Para o ex-governantes, as “duas regras são incompatíveis. No plano financeiro pode ser uma razão para manter a norma e pode ser esta a interpretação”. Para Emanuel Santos, uma solução poderia passar por manter no regime de duodécimos as normas que têm um impacto financeiro.

Um problema financeiro de meses, um problema político de campanha

Os ex-ministros defendem que a gestão por duodécimos não se deve, no entanto, arrastar por muito tempo. Bagão Félix acredita que em março de 2016 já deverá haver um novo Orçamento do Estado. Miguel Beleza diz que “em mês e meio é possível” elaborar um orçamento, mas coloca uma pedra na engrenagem: “O problema pode ser se houver um resultado eleitoral complicado, aí, sim, todo o processo pode demorar mais tempo”.

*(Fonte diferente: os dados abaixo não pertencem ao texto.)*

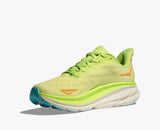 Clifton 9 - Femme | Hoka
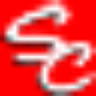Sullivans' Family Foods Inc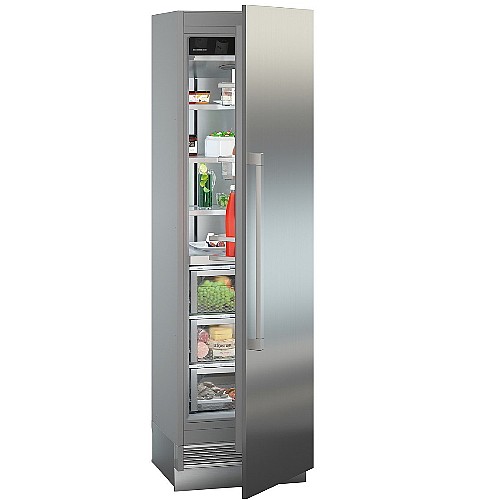 ���� �������� 61 �"� ��� ����� ���� LIEBHERR ����� MONOLITH ��� EKB9271 BIOFRESH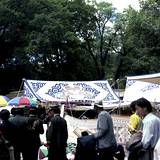 KS93 6,27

A última vez que esta situação aconteceu foi nos primeiros meses de 2010, depois da reeleição de José Sócrates. Nessa altura, o Governo era o mesmo e o ministro das Finanças também, o que poderá ter agilizado o processo. O Orçamento foi apresentado em janeiro e só foi aprovado no final de abril.

Se no passado, gerir em duodécimos “não era muito mau porque os governos tinham tendência para gastar mais e assim eram travados”, diz Catroga, agora com circunstâncias diferentes, poderá não ser bem assim. Bagão Félix sublinha que “há algumas habilidades possíveis para adiar despesas para o momento em que o Orçamento do Estado de 2016 entre em vigor”.

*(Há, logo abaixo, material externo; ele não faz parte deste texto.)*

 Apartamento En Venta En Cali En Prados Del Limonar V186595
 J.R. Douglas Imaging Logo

Compromissos com a Europa contam

Uma dessas “habilidades” pode ser o invocar os compromissos internacionais. O próximo Governo terá uma batalha jurídica pela frente. Ganhe a atual maioria PSD/CDS, ganhe o PS, será certo que, tendo em conta as diferentes opiniões, elas serão discutidas na praça pública. Se para alguns socialistas consultados pelo Observador, poderá haver uma interpretação que permita a continuação das medidas em vigor, para o PSD/CDS é certo que pelo menos as referidas pelo primeiro-ministro – corte nos salários e sobretaxa – caem por terra. Isso mesmo confirmou ao Observador o deputado Duarte Pacheco, responsável dos sociais-democratas na Comissão de Orçamento e Finanças da Assembleia da República.

Há, no entanto, outra possibilidade que pode ser usada neste processo: os compromissos internacionais. Ou seja, apesar de estas medidas dependerem do Orçamento do Estado, o Governo assinou compromissos, como o Programa de Estabilidade (PE) e o Programa Nacional de Reformas, que podem servir de argumento para o futuro Governo, defende um dos ex-governantes ouvidos pelo Observador.

No caso da sobretaxa do IRS, o PEC 2015/2019, apresentado em Bruxelas, prevê a redução de 0,875 pontos percentuais no próximo ano. O mesmo documento prevê também a descida da contribuição sobre o setor energético em 2016.

Certo é que antes da realização do próximo Orçamento, o Governo que sair das eleições de outubro terá de se preocupar com a vigência destas medidas. E se esta é um problema financeiro, poderá ser também um problema político em plena campanha eleitoral. Como vão os partidos cumprir as regras e manter as promessas eleitorais? Vão assumir a necessidade de novos cortes? Poderão ter de fazer cortes na segunda metade de 2016 para responder a um resvalar das contas no início do ano?

Muitas perguntas e poucas respostas para já. O regime de duodécimos com as circunstâncias atuais levanta mais dúvidas legais e financeiras do que certezas.